Yes, integrating security into your DevOps process will add competing priorities, potential pitfalls and delays. DevOps will need to incorporate new processes throughout the development pipeline. This includes introducing automated tools to assist with the whole SecOps integration process. Many DevOps teams are already leveraging automated tools as the pushes and tests are becoming overwhelming now with the increased workload. What's good to know, is there are many great developer tools available today due to some amazing innovation in the last few years. These tools are thorough and provide solutions throughout the DevOps process. This is especially important and efficient during the testing phases.
Place a value on security
It is crucial that security become part of the culture and everybody owns it. This is especially important if you want to successfully integrate security into your DevOps process and pipeline. Obviously, your developer and operations teams are not security experts by education or career, so their mode of thinking will not have a security focus. Managers need to ensure there are champions for security ownership throughout the teams, process and projects. Documenting, training and socializing SecOps best practice will need to become the IT organization's mantra. Then you will start to see how this bridges the gap between security and development, but it will also spawn creativity to design and incorporate better security and efficiencies by both teams throughout the process.

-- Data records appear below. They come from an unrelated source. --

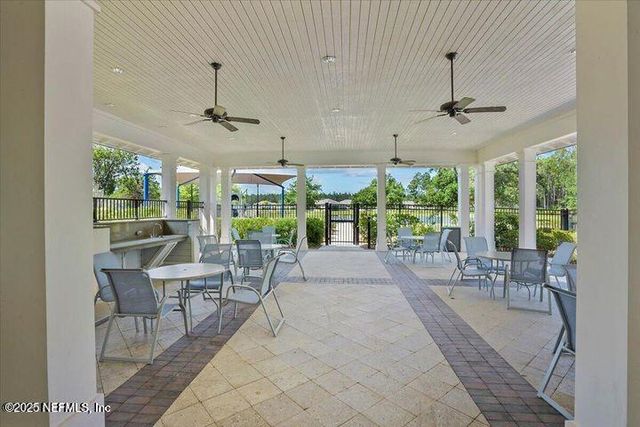 10307 BENSON LAKE Drive, Jacksonville, FL 32222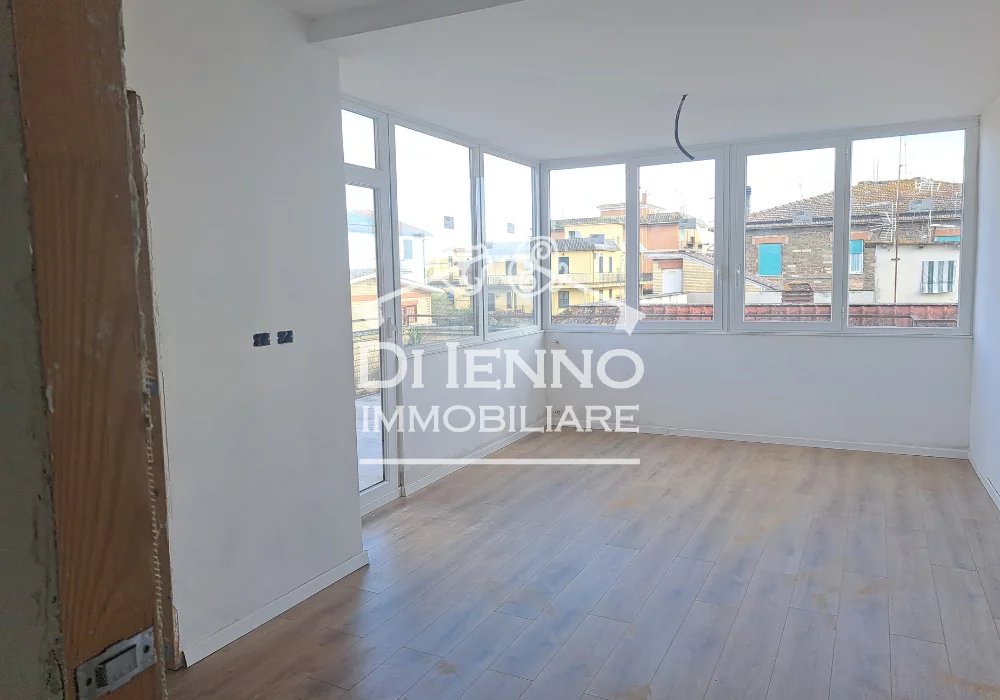 Sale Apartment Roma Labaro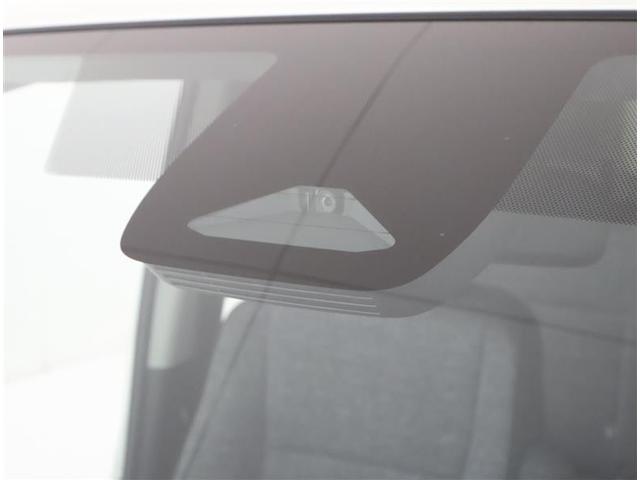 シエンタ ハイブリッドＺ　４ＷＤ　フルセグ　メモリーナビ　バックカメラ　衝突被害軽減システム　ＥＴＣ　ドラレコ　両側電動スライド　ＬＥＤヘッドランプ　ワンオーナー（9枚目）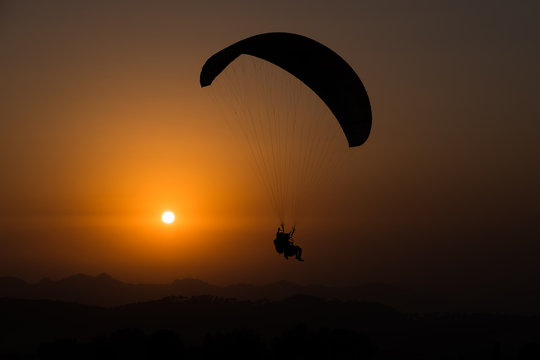 Paragliding at Bir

As mentioned, several times earlier, the best way to get secure and stay that way is to incorporate security at the beginning and throughout the entire process. Be flexible and smart with how your managing your security activities so that the teams aren't caught up in vulnerability catch-up or a deployment showstopper during release.
While DevOps should be incorporating the latest automation tools, it's important that the same is adopted for many of the security tasks as well. Automated tools when leveraged well can easily reduce valuable human time, including in some of the early-mid stages of the process. Using the tools must be part of monitoring your products in production as well, so that you can respond to issues before your customers alert you to them.
No silver bullet
Deploying DevSecOps in your environment is no easy task and there is no silver bullet. Every company, team and environment are different which adds to the complexity. You will need to evaluate your entire team and processes thoroughly. From there, it will take your entire team to build a comprehensive strategy that incorporates better security into all your processes.
Lastly, as the future calls for more and more operational aspects move to the cloud, there will have to be much forethought as your environment shift happens. Technology is moving faster than we can keep up much of the time. So, keep your teams trained and involved in these discussions so they are not only supportive, but ready for the challenges as well.